What he lacked was a reputation. There was a question about his moxie. Most didn’t know if he could cut the mustard, or the mayonnaise.
But it would happen — and in an episode so ugly it would be recounted later and earn comparisons to the “Checkers” speech by Nixon or any random scene from movies by Adam Sandler. In fact he became “The Kid,” better known as “The Potato Salad Kid,” at the age of eight. I was a witness. “The Potato Salad Kid” is my brother.
Thus I knew the kid before he became “The Kid,” and even then his temper was already legendary even though he had yet to take up golf.
But no one thought that he would have the guts to call out the High Sheriff of Food Cops, the Marshal Matt Dillon of the range, and oven and spatula. She was also known by an alias — Mom.
House Rule No. 1 in those days started with “Don’t fool with mom.” It was especially foolhardy to challenge House Rule No. 2: All consumers must sample at least one bite of any item placed upon a plate.
Thus the battle line was drawn. It was potato salad at a table-length.
“Don’t like it,” my brother mumbled into his chest.
“You haven’t tried it,” Mom said. “You couldn’t possibly know if you like it or not.”
“Then you WON’T leave this table UNTIL you do.”
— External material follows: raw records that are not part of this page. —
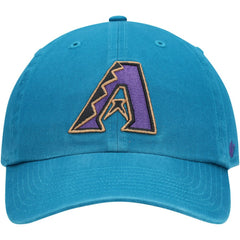 Arizona Diamondbacks '47 Logo Cooperstown Collection Clean Up Adjustable Hat - Teal - 47 brand Sale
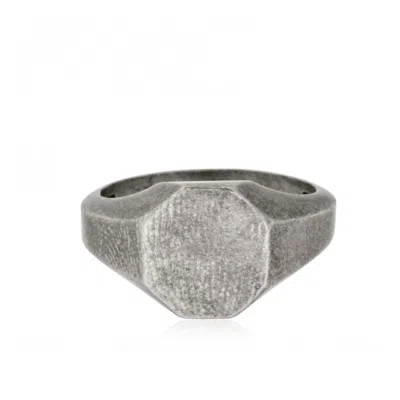 Cartography Men's For Shannon - Signet Ring In Sterling Silver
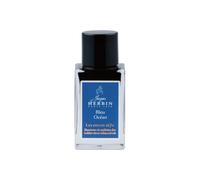 Jacques Herbin 16018JT - Un flacon d'encre pailletée or pour stylo-plume, roller, plume de verre et porte-plume 15 ml, Bleu Océan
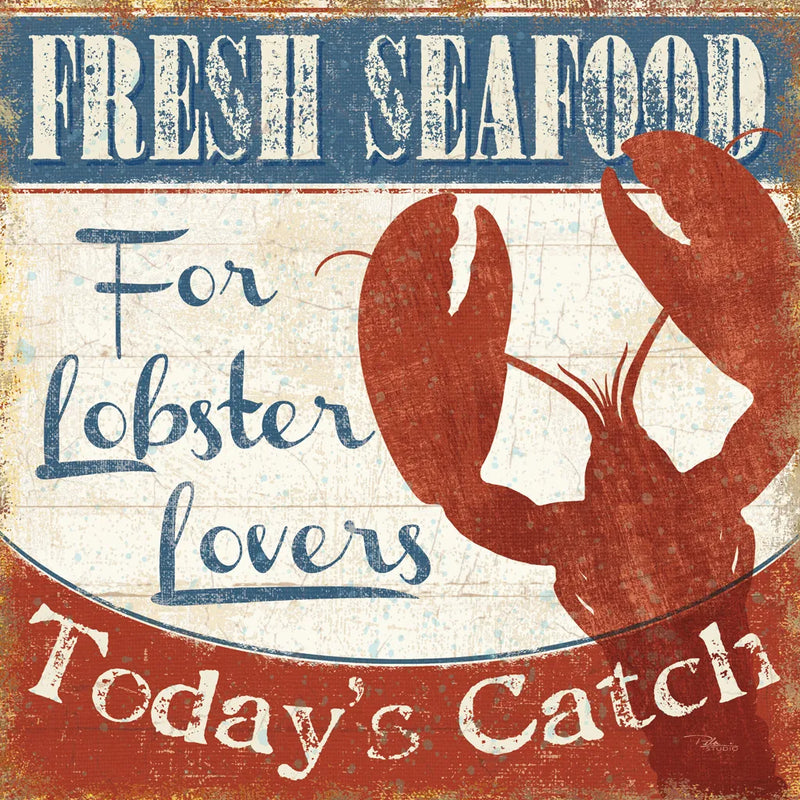 Fresh Seafood I by Pela Studio. SKU 11278a. Archival Giclee Fine art print for wall decor.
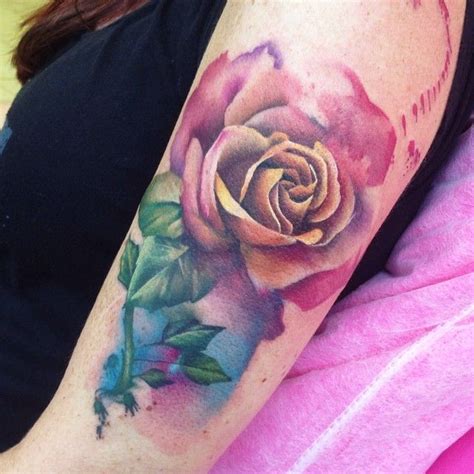 Purple Rose Tattoos Pretty Flower Tattoos Flower Wrist Tattoos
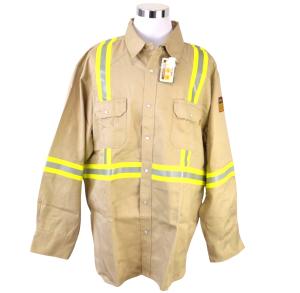 Flame Resistant Hi-Vis Shirt 3XL Beige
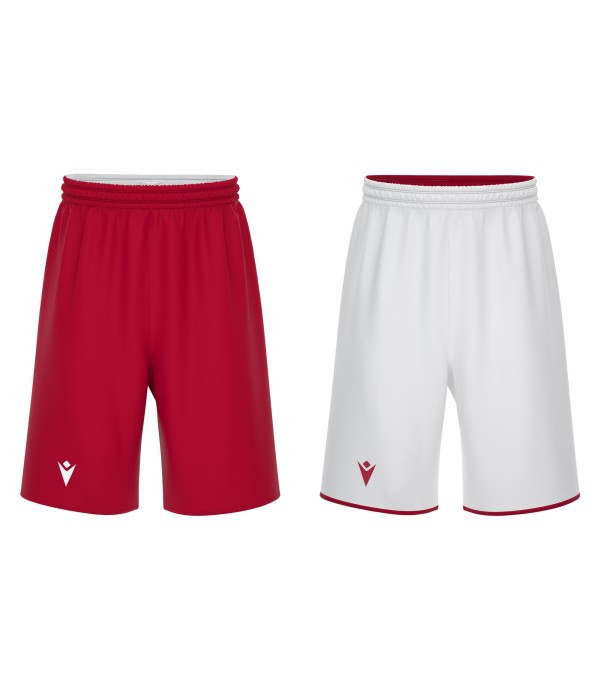 X500 SHORTS REVERSIBLE RED/WHT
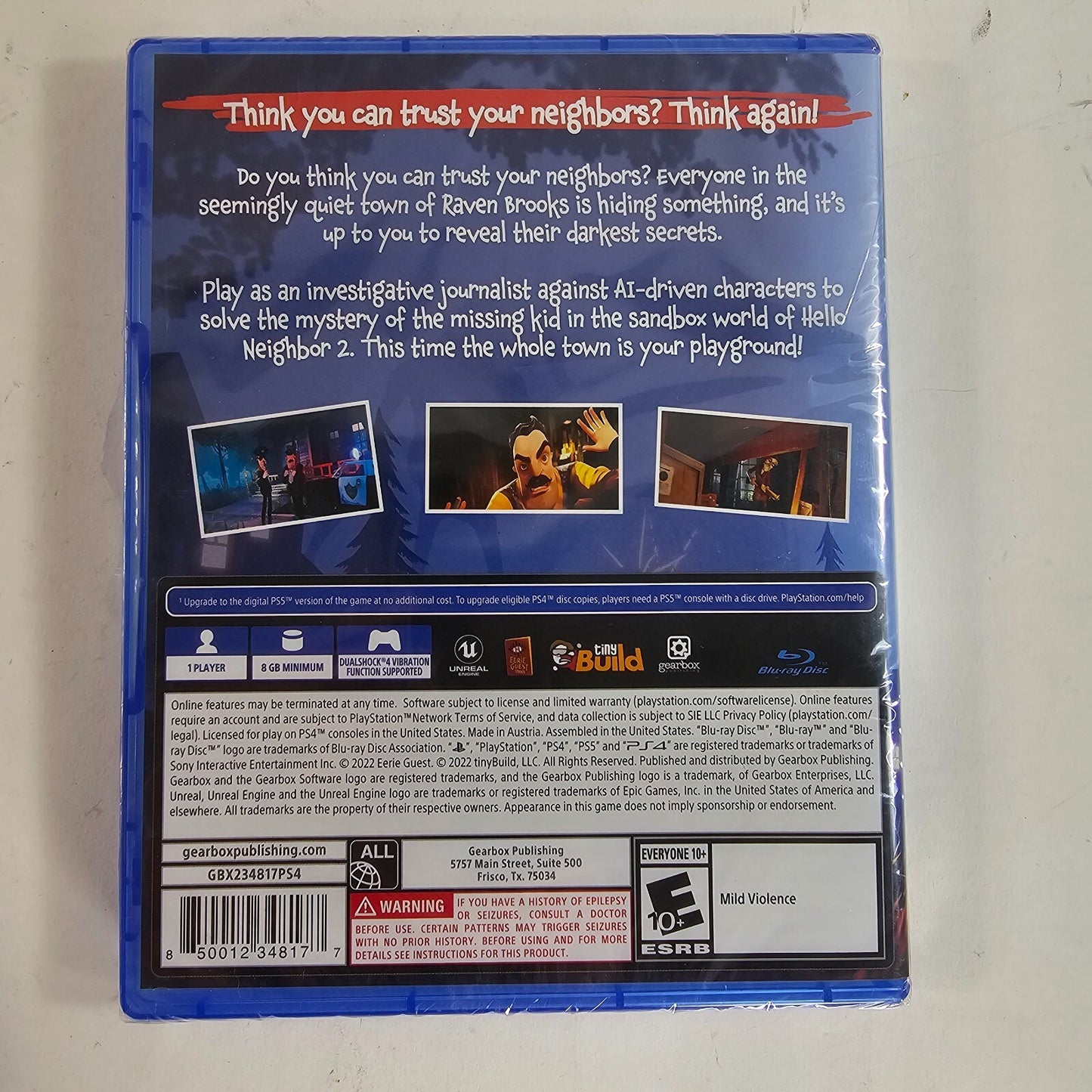 Hello Neighbor 2 (Sony PlayStation 4, 2022) NEW/ Factory Sealed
There it was. My father and I acknowledged this dreaded impasse and did the logical and safe thing — bolted to the living room, but still within earshot. We had to hear this go down.
“I’ll throw up,” my brother warned as he held a fork applied with a dab of rapidly aging potato salad.
“So throw up,” my mother countered from across the table, arms folded.
Clang of fork on plate.
“Sniff, sniff, waaaaaaaaaa …”
“. . . waaaaaaaaaaah!”
Gak, gak, ak-ak,” he moaned and attempted to place the now antique yellow goo on the back of his tongue for rapid and painless entry.
“Good, ” mom said, clearly exasperated with the entire ordeal.
Four seconds later “The Kid” ran to the bathroom for a quick deposit, the logical outcome of swallowing potato salad exposed to room temperature for the amount of time it takes to watch a 12-inning Major League Baseball game.
My brother was bruised but hardly broken by the ordeal. It did give him a big reputation briefly among the other kids in town who for months called him “The Potato Salad Kid.” Not sure he cared much for it in retrospect.
Twenty years later, long after everyone stopped calling him “The Potato Salad Kid” even though he still won’t touch the stuff, we discussed the episode and whether it ranked with the gunfight at the OK Corral or the third bout between Muhammad Ali and Joe Frazier.
“You know, mom apologized for that,” he said.
“Really, when?” I asked.
“About a month ago,” he said.
“The Kid” cut the mustard after all.